(Beginning of Available data)

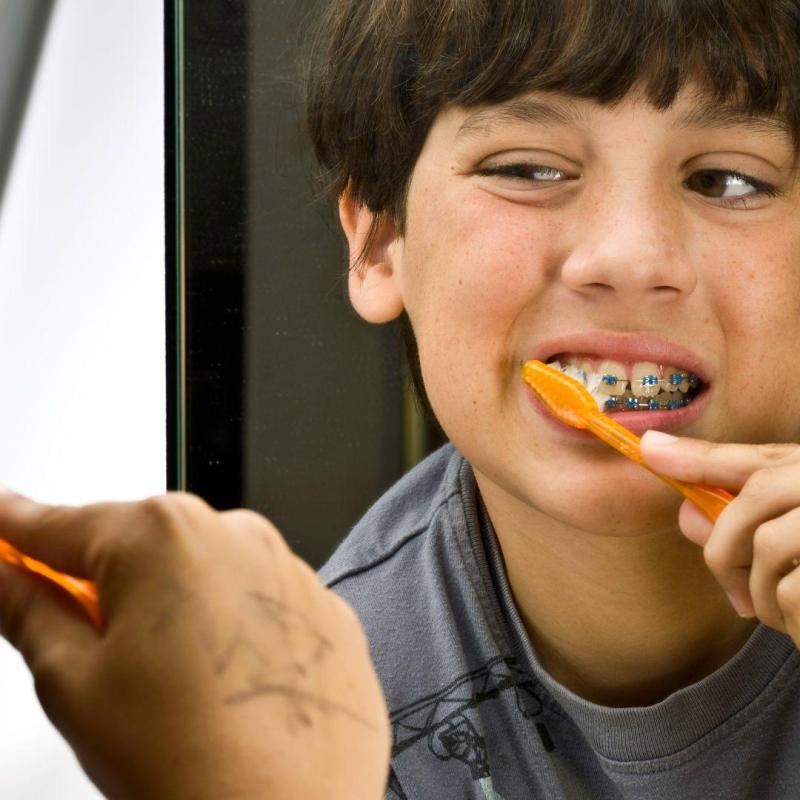 Zahnspange reinigen und pflegen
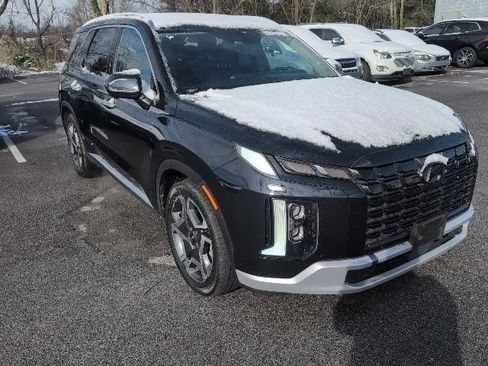 Used 2024 Hyundai Palisade Limited image 3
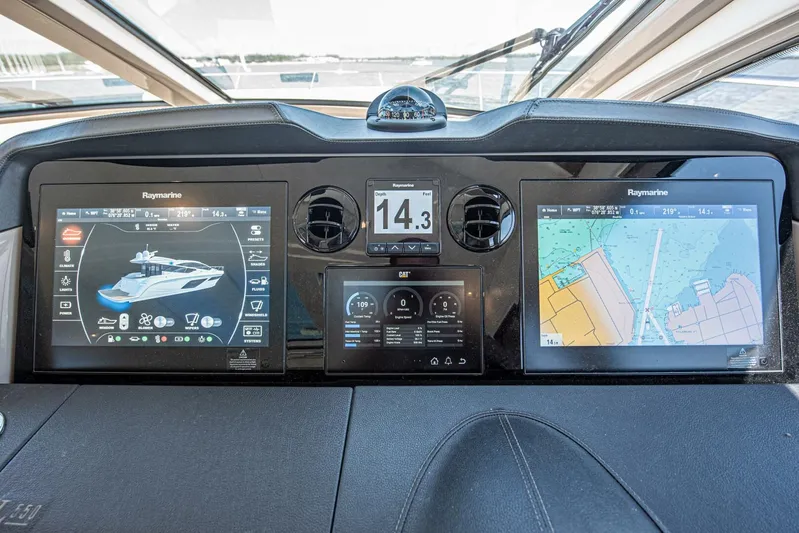 Bob 'n Around Yacht Photos Pics 2018 Sea Ray L550 - Image 44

(End of Available data)

-- Goal of the exercise --
Recreate the listing above word for word, dropping each picture it contains.

-- Exercise result --
 Zahnspange reinigen und pflegen
 Used 2024 Hyundai Palisade Limited image 3
 Bob 'n Around Yacht Photos Pics 2018 Sea Ray L550 - Image 44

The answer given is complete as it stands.